Delivery of particulates can be represented and controlled to mimic the human in vivo situation using mechanical systems such as virtual impactors, which permit collection and delivery of a precise mass and particle size. One of the primary limitations in assessing particle loads lies in matching the type and amount of respirable particulate exposure encountered by a person at home, in a work environment, or outside. This can be assessed using small, non-intrusive wearable particle collectors and monitors.

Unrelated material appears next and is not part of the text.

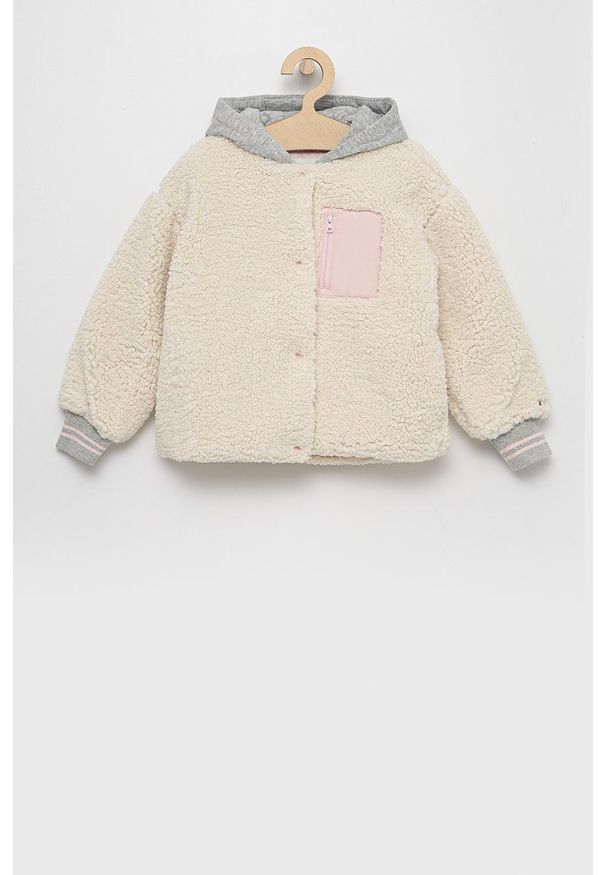 TOMMY HILFIGER - Tommy Hilfiger Kurtka dziecięca kolor kremowy. Kolor: beżowy. Materiał: włókno, materiał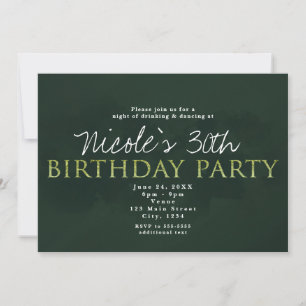 Green Modern Tout âge Anniversaire Fête Invitation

Correlations have been established relating PM toxicity with the concentration of certain metals [Adamson et al., 2000]; however, the analysis cannot be performed using a simple additive approach. Whereas Dye and coworkers  demonstrated that epithelial cell response to residual oil fly ash correlated strongly with the ash content of V, but not with Fe or Ni. A strong correlation has been found between V and Fe levels and cellular toxicity, whereas correlation between Zn content and toxicity can be poor [Okeson et al., 2003]. Part of this difficulty in developing correlations is likely due to synergistic effects between metals. For example, Zn, in moderate concentrations, can mitigate the effects of V and Cu, but not Ni or Fe [Riley et al., 2003]. Such difficulties in developing clear correlations between PM composition and ultimately with toxicity in humans motivates the development of biological activity based monitoring schemes.

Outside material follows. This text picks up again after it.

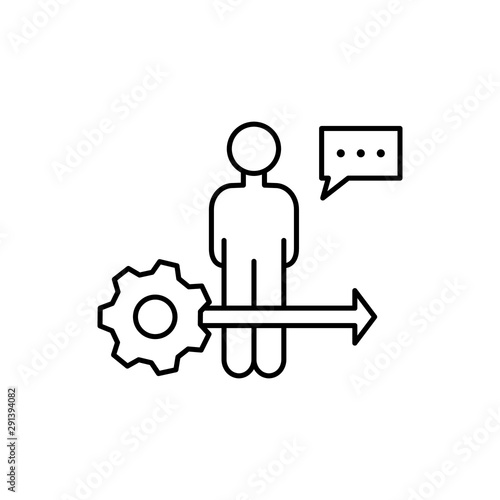 Chat gear man control icon. Element of overpopulation thin line icon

The capability of permitting development of synergist effects can be mimicked through more complex design of cell culture, in vitro studies. The major challenge lies in assessing the full array of information provided by the exposed (respiratory) tissue. These include release of signaling compounds (cytokines, reactive oxygen species, etc.), permissive transport of the particles (crossing a cell barrier), and physical changes (loss of lung compliance, loss of tight cell-cell connections, and inactivation or death). These attributes can be quantified in cell culture methods with the proper experimental design. The challenge is that researchers have not been asking such holistic questions in a manner that readily leads to well engineered experimental systems.
A significant challenge that has not yet been fully met by in vitro systems is the translocation of respired particles to other tissues. For example, Elder and coworkers have shown that ultrafine particles comprised of manganese oxide inhaled nasally by monkeys do not cause lung inflammation but accumulated in the olfactory bulb [Elder et al., 2006]. They concluded that the olfactory neuronal pathway was efficient at translocating ultrafine particles to the central nervous system. Such unintended consequences can be assessed by analysis of particle transport across cellular monolayers which can be performed with a higher degree of experimental control in vitro than with in vivo tests.

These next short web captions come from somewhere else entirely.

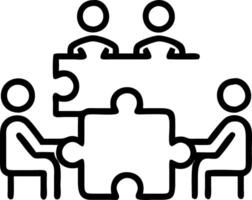 Diverse team assembling puzzle pieces around a table in a conference room copy space below Set 2 vector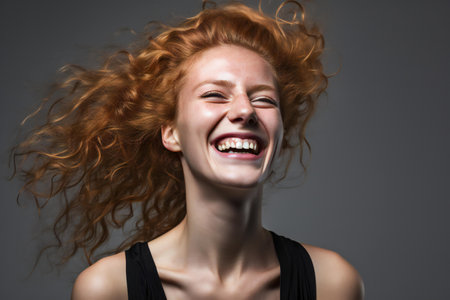 Portrait of a beautiful young woman with flying hair on gray backgroundの素材
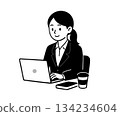 Business Woman working on a computer 02 134234604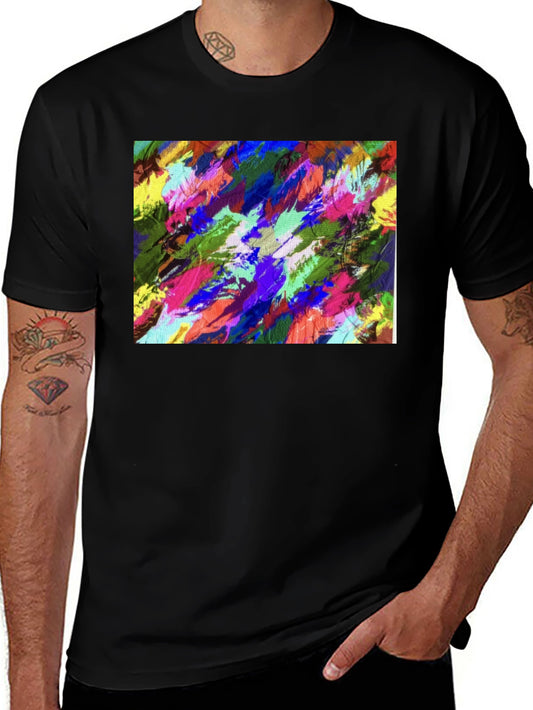 Abstract Art T-Shirt - Colorful Brushstroke Design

A critical need for testing of PM (and especially of nanoparticles) needs to address the presence of co-depositing materials. Exposures to PM do not occur in isolation, but arise in the presence of multiple types (size and composition) of PM along with volatile and low-volatile toxicants and biogenic compounds. The interactive effects are infrequently assessed but are likely to play a role in the observable effects. Utilizing cell cultures and analogues allows testing of the enormous number of combinations of experimental conditions required to fully understand these effects.
There are significant differences that arise between in vivo and in vitro systems responding to xenobiotic compounds including benzo(a)pyrene and paraquat. In some cases, cell culture systems cannot provide the necessary response mechanisms due to low or nonexistent expression of transformative enzymes. For example, A549 cells (derived from a human lung adnocarcinoma) are appropriate to investigate the mechanism of active toxins, but compounds that have to be biotransformed by P450 enzymes prior to eliciting toxicity cannot be properly assessed since A549 cells produce lower levels of xenobiotic metabolizing enzymes [Castell et al., 2005].
Approaches for cell culture testing
A highly innovative approach that utilizes cell cultures to circumvent the limitation of a single cell type includes cell analogues of physiologically based pharmacokinetic (PBPK) models. A PBPK typically is a computer model that mimics interactions of a potential toxin with multiple tissue types and accounts for the dynamics of tissue residence and biotransformation. Such models can be used in conjunction with and to design more robust cell culture methods.
Cell culture analogues have been constructed as experimental systems in which co-cultures of organ constituents (liver, kidney, muscle) are fluidically connected [Sweeney et al., 1995]. Tissues will potentially experience the same dynamic exposure that would occur within whole animals thus permitting evaluation of unsuspected interaction. Viravaidya and Shuler  have developed a microscale cell culture analog device for testing of toxicity and bioaccumulation. This consists of a four-chambers representing lung, liver, fat, and a more general tissue. Such methods require refinement before they are able to provide an appropriate test bed for analysis of inhalation toxicity hazards and all of the responses that they may generate.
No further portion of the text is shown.